So, it really isn’t clear what you need to do to ensure that the privacy people want is enabled in websites and tools.

To change tack slightly it is worth reflecting on the fact that privacy preferences vary. It can be useful to frame this in a Technology Adoption Framework – TAM offers a useful framework but privacy needs do vary across cultures, and it varies between people. You need to speak to different people in different ways to get the message across. Westin is a three point scale around privacy that you could use, but that is too coarse-grained since it basically only differentiates between hardcore secure users, pragmatists, and those unconcerned.

However there have been various studies with the Westin Scale (see Berkeley Survey 2009; Harris Poll 2003; Harris Poll 1999) and most users fall into the Privacy Pragmatists category. But behaviours, when studied, consistently DO NOT match their preferences! So we need something better.

There have been attempts to improve the Westin scale but there has been limited scope of other alternative measures of privacy concern, e.g. IUIPC (Malhotra et al 2005) and CFIP (Smith et al 1996). And people engage in information seeking behaviours (Beldad et al 2011), since people seek trust signals (trust symbols and trust symptonms) (Riegelsberger et al 2005). Asking people about the provider of a service, and their trust in that provider is important in terms of understanding their behaviour and their preferences.

So my PhD student (Morton) looked to work on development of the Westin scale to better align preferences and behaviours, using a mixture of qualitative and quantitative methods, investigating subjective viewpoints. He has been interviewing people, analysing their statements, and ordering those statements with research participants asking them how well those statements reflected their views. The number of participants (31 offline, 27 online) is relatively small, but the number of statements generated by them was into the thousands – so this is a really complex picture. So, participants ranked statements as important or unimportant with a Q-sort process (a version of card sorting task).

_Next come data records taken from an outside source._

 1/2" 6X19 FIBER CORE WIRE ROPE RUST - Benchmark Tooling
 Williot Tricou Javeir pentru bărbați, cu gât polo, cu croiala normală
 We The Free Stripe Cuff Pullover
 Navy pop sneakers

Morton has found that people sort into five categories:

  • Information Controllers – those really aware of the data, looking at the data and what it says about them. These are skeptical people and do not have a high trust in the cloud and want control over the collection, use and dissemination of personal information. For them things that are not important include: organisational assurances; others’ use of the technology service.
  • Security Concerned – their principal focus is on security of the technology platform, providing organisation;s security processes, potential impact on personal security and finances. They are trading off the benefits and risks here. They are less interested in the technology in abstract.
  • Benefit Seekers – are those happy to trade off the risks
  • Crowd Followers – trust in others’ use to make decisions about privacy and security
  • Organisational Assurance Seekers – they look for the organisation to say the right things, disclaimers etc. They expect bad things to happen, and want assurance against that.

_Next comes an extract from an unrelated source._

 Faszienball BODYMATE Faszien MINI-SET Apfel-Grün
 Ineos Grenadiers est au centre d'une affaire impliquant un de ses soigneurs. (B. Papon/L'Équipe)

Now I think that work is quite interesting. And we are now undertaking a large scale study with 1000 participants in the UK and US with all participants sorted into one of these categories, and several scenarios to assess. The first 300 participants’ contributions already suggest that this is a better model for connecting preference with behaviour.

I did want to talk about why we need to make privacy more salient. Ultimately privacy is about relationships. People manage relationships with other peoplel through selective disclosure of information – that is a fundamental part of how we engage, how we present different personas. As more information is disclosed, the more that is undermined. And that is most obviously taking place in University admissions or potential employer searches for individuals. The inability to make selective disclosures can undermine relationships.

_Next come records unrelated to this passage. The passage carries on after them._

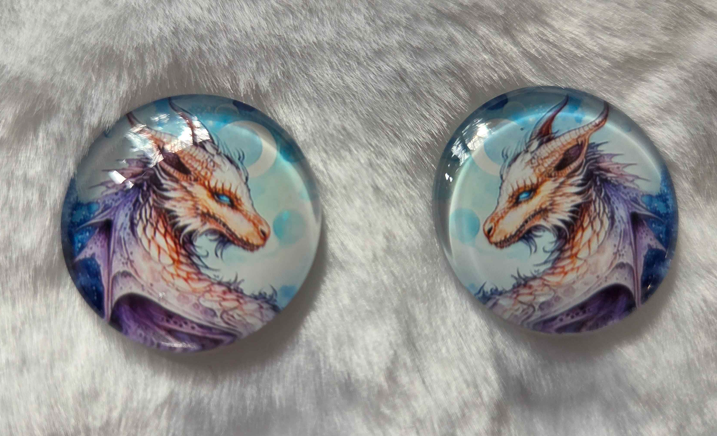 25mm Cosmic Animal Cabochon, Glass, Glue-on - See Color Options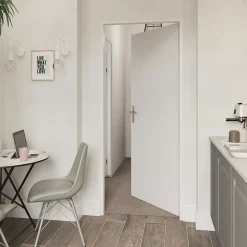 Bloc-porte Alpille blanc H.204 x l.73 cm, réversible- New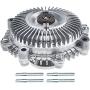 A-Premium Engine Radiator Cooling Fan Clutch Compatible with Dodge Ram 50 1983-1993 D50 Power Ram 50 Toyota Van Mitsubishi Mighty Max Plymouth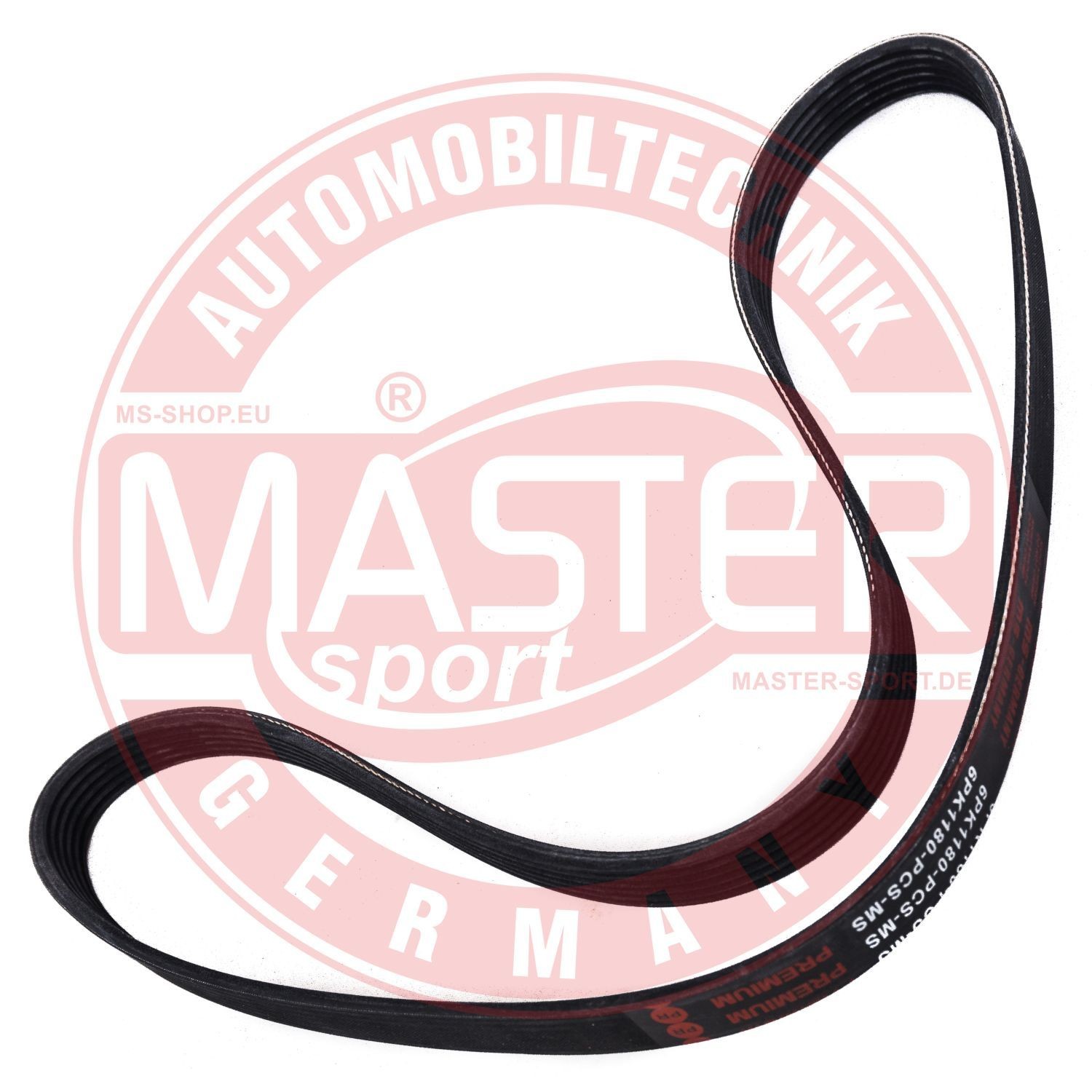 MASTER-SPORT Drive belt 6PK1180-PCS-MS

For exampe: a chocolate biscuit purchase: seeing someone buying chocolate biscuits buys the main shop on card, then buys biscuits in cash. It turns out this person’s partner is a health food nut and manages the finances tightly. So that person and their child agree to the healthy food rules at home, but then have access to chocolate biscuits elsewhere. This is how people manage relationships. That sort of lack of disclosure means you do not need to revisit the same arguement time and again, it helps illustrate why privacy is so fundamental to the fabric of society.

We do have ways of making privacy cost more salient. There is this trade off around privacy – we are often told these things are “for your own good”. And without a significant push for evidence that is hard to counter. We don’t force accountability of promised/stated benefits. CCTV in the UK is a great example. It took almost two decades for any investigation into that investment, when there was research it was all pretty damning (Gill and Spriggs 2005; Metropoliton Police Review 2008 – CCTV only contributes to prevention or resolution in 3% of crime, it is costly and there is only 1 crime per 100 cameras). And we have had misuse of CCTV also coming through courts. Investigations into inappropriate behaviour by the London Met Police over a year show inappropriate disclosure – like the CCTV case – a huge percentage of that issue.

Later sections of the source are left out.